◆ **How to complete this task**: Without pictures, output exactly the lines running from the line containing "I enjoy mixing" to the end of the listing below.

==== Data excerpts

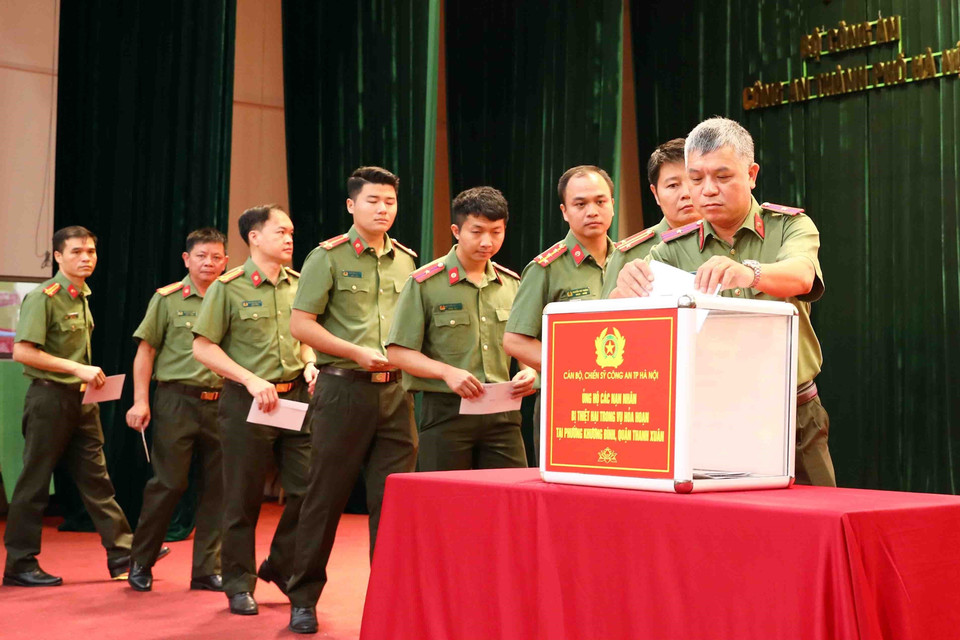 Cán bộ, chiến sỹ Công an thành phố Hà Nội ủng hộ các nạn nhân đã tử vong trong vụ cháy chung cư mini tại phố Khương Hạ (Thanh Xuân, Hà Nội). (Ảnh: Phạm Kiên/TTXVN)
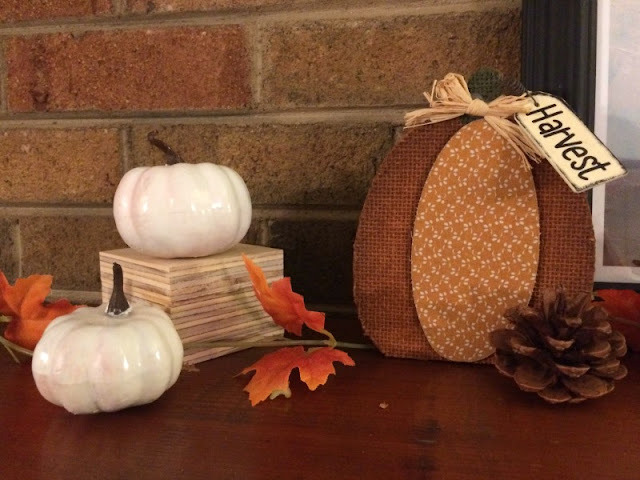 I enjoy mixing neutral shades with the traditional orange and yellows of fall to create a rustic fall mantel and wooden toolbox centerpiece.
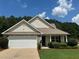Charming single-story home with well-manicured lawn and two-car garage at 345 Annslee Circle Cir, Loganville, GA 30052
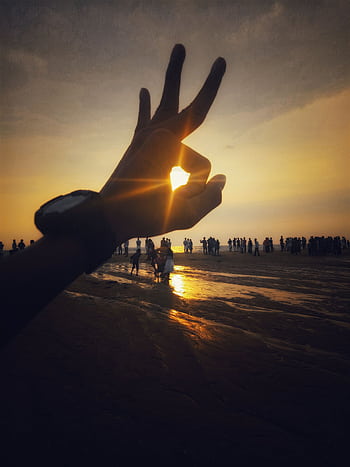 A hand gesture silhouetted against a vibrant sunset on a crowded beach. HD phone wallpaper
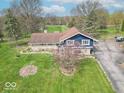 An elevated view showcasing a blue and stone home with a well-kept lawn and an expansive driveway at 12166 N Bray Rd, Mooresville, IN 46158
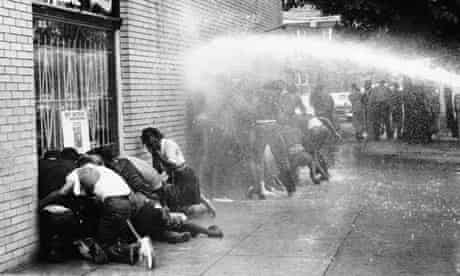Civil rights protestors are attacked with a water cannon.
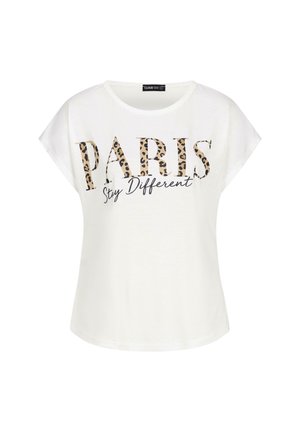 White T-shirt with a loose fit, featuring "PARIS" in leopard print and "Stay Different" in black cursive. Soft, lightweight material.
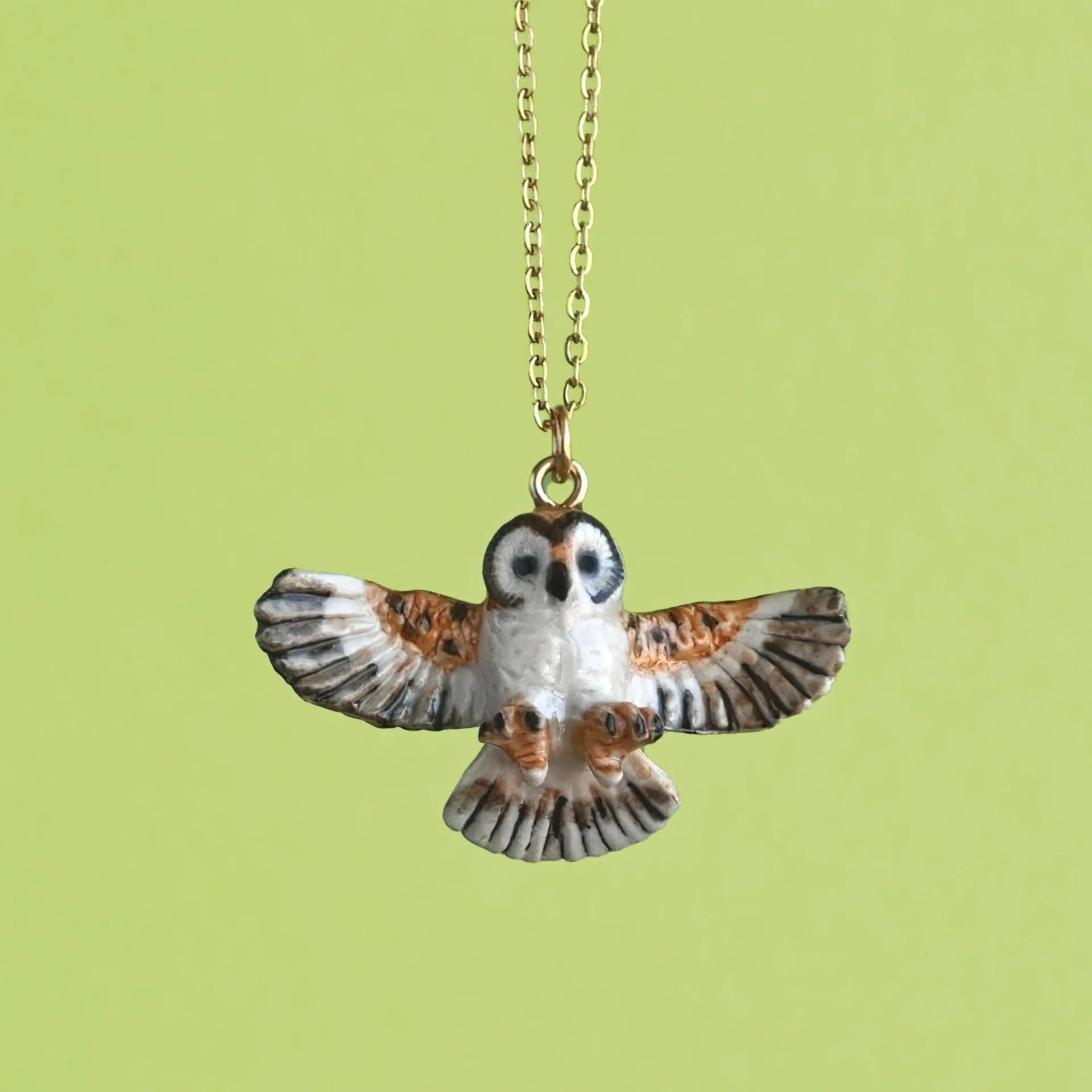 Barn Owl Necklace on a green background at Addison West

========

◆ **Reply to the task**:
 I enjoy mixing neutral shades with the traditional orange and yellows of fall to create a rustic fall mantel and wooden toolbox centerpiece.
Charming single-story home with well-manicured lawn and two-car garage at 345 Annslee Circle Cir, Loganville, GA 30052
 A hand gesture silhouetted against a vibrant sunset on a crowded beach. HD phone wallpaper
 An elevated view showcasing a blue and stone home with a well-kept lawn and an expansive driveway at 12166 N Bray Rd, Mooresville, IN 46158
Civil rights protestors are attacked with a water cannon.
 White T-shirt with a loose fit, featuring "PARIS" in leopard print and "Stay Different" in black cursive. Soft, lightweight material.
 Barn Owl Necklace on a green background at Addison West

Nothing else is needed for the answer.